Les citations sont extraites de l’interview de Robin Campillo pour Trois couleurs.

Une histoire de gays ?

« Confiner cette maladie a ‘l’intimité’ quand il s’agit de gays, ça rappelle le placard, je ne voulais pas être là-dedans. Être enfermé dans l’intime, c’est être invisible. C’était la même chose avec l’avortement avant le manifeste des 343 en 1971 : ça arrangeait tout le monde que ça soit une expérience individuelle, que les femmes aillent en Belgique ou en Angleterre. Avec Act Up, on a dit : « Non mais, attendez, c’est pas une maladie de l’intime, c’est une épidémie, donc ça a à voir avec la politique, avec la santé publique ! » »

Et sur les scènes de sexe :

« On a fait des répétitions torses nus, je ne voulais pas qu’ils arrivent sur le plateau en mode « on baise » et qu’on fasse une scène de Kama Sutra gay.

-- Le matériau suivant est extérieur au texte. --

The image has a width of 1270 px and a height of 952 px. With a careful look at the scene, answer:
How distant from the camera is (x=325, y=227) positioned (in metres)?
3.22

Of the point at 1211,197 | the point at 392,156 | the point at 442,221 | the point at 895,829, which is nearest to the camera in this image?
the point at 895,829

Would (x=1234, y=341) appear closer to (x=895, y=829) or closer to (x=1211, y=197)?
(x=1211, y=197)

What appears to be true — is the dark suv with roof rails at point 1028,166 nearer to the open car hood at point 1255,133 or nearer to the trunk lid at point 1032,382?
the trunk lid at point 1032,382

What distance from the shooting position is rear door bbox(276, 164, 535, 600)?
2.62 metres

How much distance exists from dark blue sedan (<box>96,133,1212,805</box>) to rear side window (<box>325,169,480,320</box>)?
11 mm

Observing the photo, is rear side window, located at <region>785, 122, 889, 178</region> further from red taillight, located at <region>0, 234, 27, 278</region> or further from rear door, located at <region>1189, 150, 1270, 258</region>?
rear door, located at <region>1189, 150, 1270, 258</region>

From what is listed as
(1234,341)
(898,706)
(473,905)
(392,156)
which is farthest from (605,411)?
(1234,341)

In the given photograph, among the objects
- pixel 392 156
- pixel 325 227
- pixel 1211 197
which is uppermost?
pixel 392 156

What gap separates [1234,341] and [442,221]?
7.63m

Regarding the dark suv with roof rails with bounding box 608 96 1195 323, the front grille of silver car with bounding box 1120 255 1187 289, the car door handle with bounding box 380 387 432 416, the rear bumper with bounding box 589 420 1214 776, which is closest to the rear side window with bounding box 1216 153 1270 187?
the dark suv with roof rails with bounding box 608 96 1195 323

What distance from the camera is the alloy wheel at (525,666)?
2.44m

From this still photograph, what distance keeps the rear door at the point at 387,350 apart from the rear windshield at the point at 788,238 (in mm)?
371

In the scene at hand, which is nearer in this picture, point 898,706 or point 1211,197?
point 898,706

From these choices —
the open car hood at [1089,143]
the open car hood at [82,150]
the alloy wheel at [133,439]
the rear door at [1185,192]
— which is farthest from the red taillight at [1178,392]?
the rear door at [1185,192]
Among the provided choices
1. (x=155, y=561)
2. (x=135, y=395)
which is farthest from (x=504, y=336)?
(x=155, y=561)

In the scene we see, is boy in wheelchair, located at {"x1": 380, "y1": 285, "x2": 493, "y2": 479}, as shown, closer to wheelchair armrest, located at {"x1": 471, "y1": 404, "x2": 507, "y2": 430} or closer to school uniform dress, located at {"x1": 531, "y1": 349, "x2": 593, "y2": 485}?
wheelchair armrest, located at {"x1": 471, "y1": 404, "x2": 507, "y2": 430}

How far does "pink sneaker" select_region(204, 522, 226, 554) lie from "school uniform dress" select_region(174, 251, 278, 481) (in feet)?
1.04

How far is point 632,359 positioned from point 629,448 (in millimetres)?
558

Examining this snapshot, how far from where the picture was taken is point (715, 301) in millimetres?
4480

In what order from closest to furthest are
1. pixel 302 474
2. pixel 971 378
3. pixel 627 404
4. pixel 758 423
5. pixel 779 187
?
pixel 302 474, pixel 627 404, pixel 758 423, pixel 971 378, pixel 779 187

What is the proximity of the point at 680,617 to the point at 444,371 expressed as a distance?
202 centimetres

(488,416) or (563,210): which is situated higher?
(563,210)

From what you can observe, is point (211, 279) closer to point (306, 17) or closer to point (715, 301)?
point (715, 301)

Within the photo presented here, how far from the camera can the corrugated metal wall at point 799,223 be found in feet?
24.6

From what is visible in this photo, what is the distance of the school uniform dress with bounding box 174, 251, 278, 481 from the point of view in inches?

Ce qui m’intéresse, c’est que ce n’est pas si évident de trouver des positions. D’abord, ça m’excite plus que la performance, je vois plus le côté humain, et ça me touche beaucoup. Le film est produit par France 3, donc je ne pouvais pas filmer de pénis, mais je n’avais de toute façon pas envie de tourner la scène de manière pornographique – même si ça m’intéressait de faire un film porno un jour. Par contre, je voulais montrer les à-côtés importants, qui sont tout le temps évacués au cinéma : mettre une capote, bien mettre du gel, comment on enlève le préservatif… Pour le coup, on voit du sperme qu’on essuie – ça, visiblement, c’est pas interdit. Y’a plein de choses que les gens trouvent glauques, alors que pour moi c’est extrêmement romantique […]. »

Le redouté

Sous couvert de comédie-pastiche-tombeau, Michel Hazanavicius nous offre avec Le Redoutable un très beau film drôle-amer. On rit bien volontiers de la Nouvelle Vague rembobinée et du personnage de Godard, interprété par Louis Garrel, parfait de flegme pince-sans-rire zozotant (je me fais d’autant moins prier que l’unique film que j’ai vu du réalisateur était l’infâme Adieu au langage), mais ce serait un inconnu que ce serait tout aussi juste. Sans jamais se départir de sa légèreté rythmique – on n’épilogue jamais -, le film effleure là où ça fait mal. Il montre, sans démonstration appuyée, comment on peut se raccrocher à une idéologie jusqu’à nier toute réalité, toute amitié. Comment on peut se rendre détestable en se détestant soi-même, et se mettre à détester les autres de ne pas vous détromper ; ou pire, de vous aimer ainsi, si détestable. Et comment peu à peu la personne qui vous a ouvert de nouveaux horizons peut finir par vous faire une vie étriquée. Il faut le menton et le regard incroyablement intense de Stacey Martin pour démentir le sois belle, suis-moi et tais-toi infligé par un Godard-connard à sa femme, Anne Wiazemsky. À chaque fois qu’elle se tait (face à son mari de moins en moins cynique et de plus ou plus imbuvable), se taire est une action à part entière – non pas un accès de lâcheté, mais la force de ravaler le mépris plutôt que de le recracher :  l’endurance et le courage d’aimer, elle est belle de cela. Je l’ai aimé tant que j’ai pu.